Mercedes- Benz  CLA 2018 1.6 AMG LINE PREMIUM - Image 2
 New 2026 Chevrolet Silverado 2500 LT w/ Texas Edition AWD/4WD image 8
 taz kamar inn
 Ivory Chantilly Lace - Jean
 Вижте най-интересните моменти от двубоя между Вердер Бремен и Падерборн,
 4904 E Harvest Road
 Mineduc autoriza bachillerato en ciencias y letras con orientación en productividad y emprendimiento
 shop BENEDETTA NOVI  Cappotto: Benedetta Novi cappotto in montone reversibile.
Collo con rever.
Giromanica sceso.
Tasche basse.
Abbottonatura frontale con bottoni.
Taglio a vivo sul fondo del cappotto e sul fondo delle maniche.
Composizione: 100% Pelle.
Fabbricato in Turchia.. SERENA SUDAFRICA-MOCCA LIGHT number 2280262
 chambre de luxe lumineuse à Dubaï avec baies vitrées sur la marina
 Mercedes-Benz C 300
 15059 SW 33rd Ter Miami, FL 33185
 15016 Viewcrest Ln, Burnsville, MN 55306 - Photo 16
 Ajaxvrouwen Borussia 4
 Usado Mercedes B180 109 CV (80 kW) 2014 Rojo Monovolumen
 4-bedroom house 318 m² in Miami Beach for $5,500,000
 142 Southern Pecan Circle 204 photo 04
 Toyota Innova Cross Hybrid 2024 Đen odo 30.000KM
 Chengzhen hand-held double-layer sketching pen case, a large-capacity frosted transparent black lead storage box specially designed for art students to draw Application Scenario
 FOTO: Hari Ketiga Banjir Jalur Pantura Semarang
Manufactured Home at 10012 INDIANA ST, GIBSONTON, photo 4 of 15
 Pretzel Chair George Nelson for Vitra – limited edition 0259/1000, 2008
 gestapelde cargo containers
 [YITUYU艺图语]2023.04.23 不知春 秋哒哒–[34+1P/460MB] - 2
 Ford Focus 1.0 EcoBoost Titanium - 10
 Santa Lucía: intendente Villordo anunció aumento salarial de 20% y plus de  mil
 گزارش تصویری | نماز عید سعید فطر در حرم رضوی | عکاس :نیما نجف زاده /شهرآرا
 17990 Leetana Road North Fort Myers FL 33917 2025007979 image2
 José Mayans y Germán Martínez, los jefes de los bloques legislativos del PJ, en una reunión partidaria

================

**TRY IT:**
Nothing but the lines from the line containing "Manufactured Home at" through the final line of the entries should appear in your answer, copied exactly.

**REPLY:**
Manufactured Home at 10012 INDIANA ST, GIBSONTON, photo 4 of 15
 Pretzel Chair George Nelson for Vitra – limited edition 0259/1000, 2008
 gestapelde cargo containers
 [YITUYU艺图语]2023.04.23 不知春 秋哒哒–[34+1P/460MB] - 2
 Ford Focus 1.0 EcoBoost Titanium - 10
 Santa Lucía: intendente Villordo anunció aumento salarial de 20% y plus de  mil
 گزارش تصویری | نماز عید سعید فطر در حرم رضوی | عکاس :نیما نجف زاده /شهرآرا
 17990 Leetana Road North Fort Myers FL 33917 2025007979 image2
 José Mayans y Germán Martínez, los jefes de los bloques legislativos del PJ, en una reunión partidaria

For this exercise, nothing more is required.